Caracas: It has been a year of political tours and counter-tours for Latin America, principally by the two figures who dominate the regional political landscape: Venezuela's socialist President Hugo Chavez and US President George W. Bush. While Bush embarked on a tour in March of Brazil, Uruguay, Colombia, El Salvador and Mexico, Chavez made his move by visiting Argentina, Bolivia, Nicaragua and Haiti. At each stop, the warmonger who presides over the US empire was met with mass protests; the firebrand revolutionary proclaiming the need for a new socialism of the 21st century was met with mass outpourings of support.

Bush has not dared to venture back down south since, instead sending high-ranking representatives on low-profile visits and shuffling the pieces he controls on the South American chessboard. Meanwhile, Chavez has continued to travel the continent, signing trade agreements and pushing his project of the Bolivarian Alternative for the Americas (ALBA), an alternative to US-pushed policies of "free trade" inspired by the dream of Venezuela's liberator Simon Bolivar for a united Latin American homeland.

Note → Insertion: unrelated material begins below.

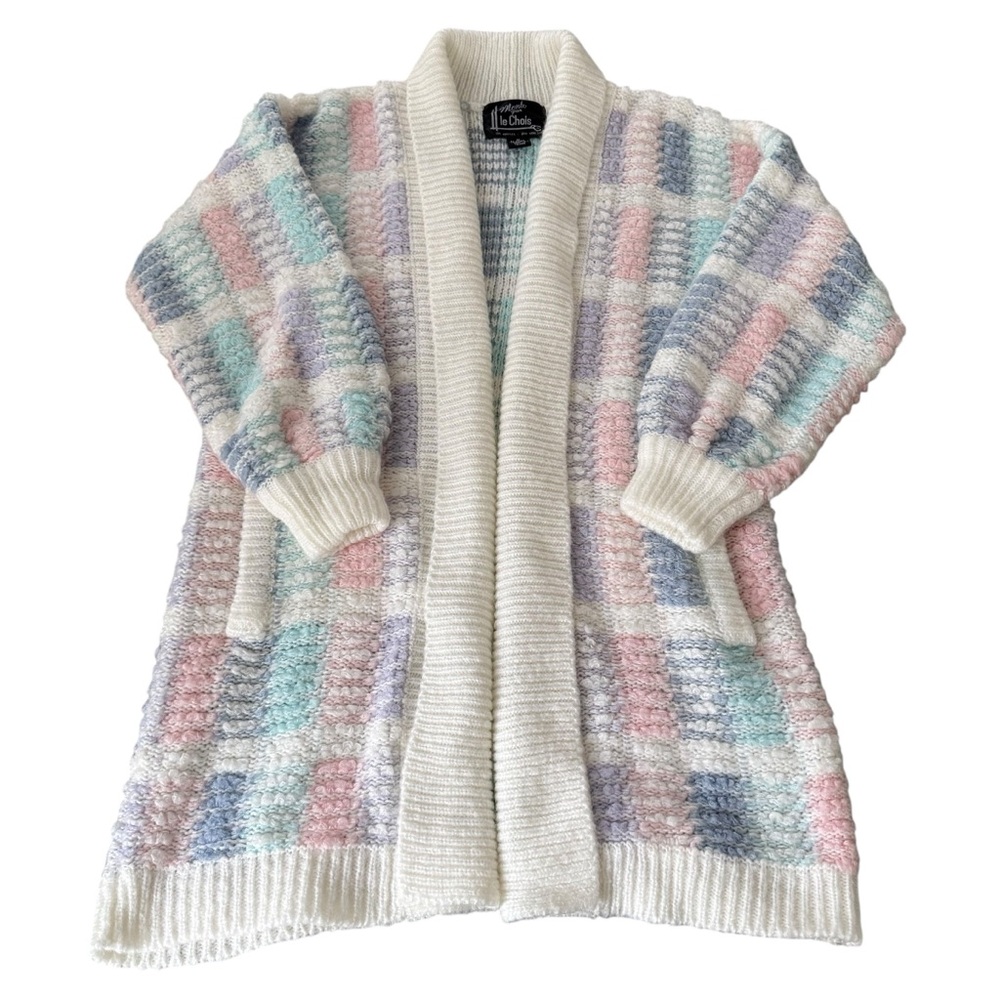 Vintage Pastel Knit Cardigan Sweater Open Front Pocket Soft Cozy Size M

Speaking to Green Left Weekly about the significance of these events, Argentine author and journalist Luis Bilbao commented that these two tours showed "South America repudiated Bush and South America and part of the Caribbean recognised in Chavez an international leader".

However, Bilbao noted that "US strategists in no way pretended to be able to compete with Chavez at this level, so it is evident that there was another plan". Latin America is "living the results of those tours today", because the "accelerated dynamic of convergence [of Latin American countries] based on a clear anti-imperialist, and above all, anti-US dynamic, has halted".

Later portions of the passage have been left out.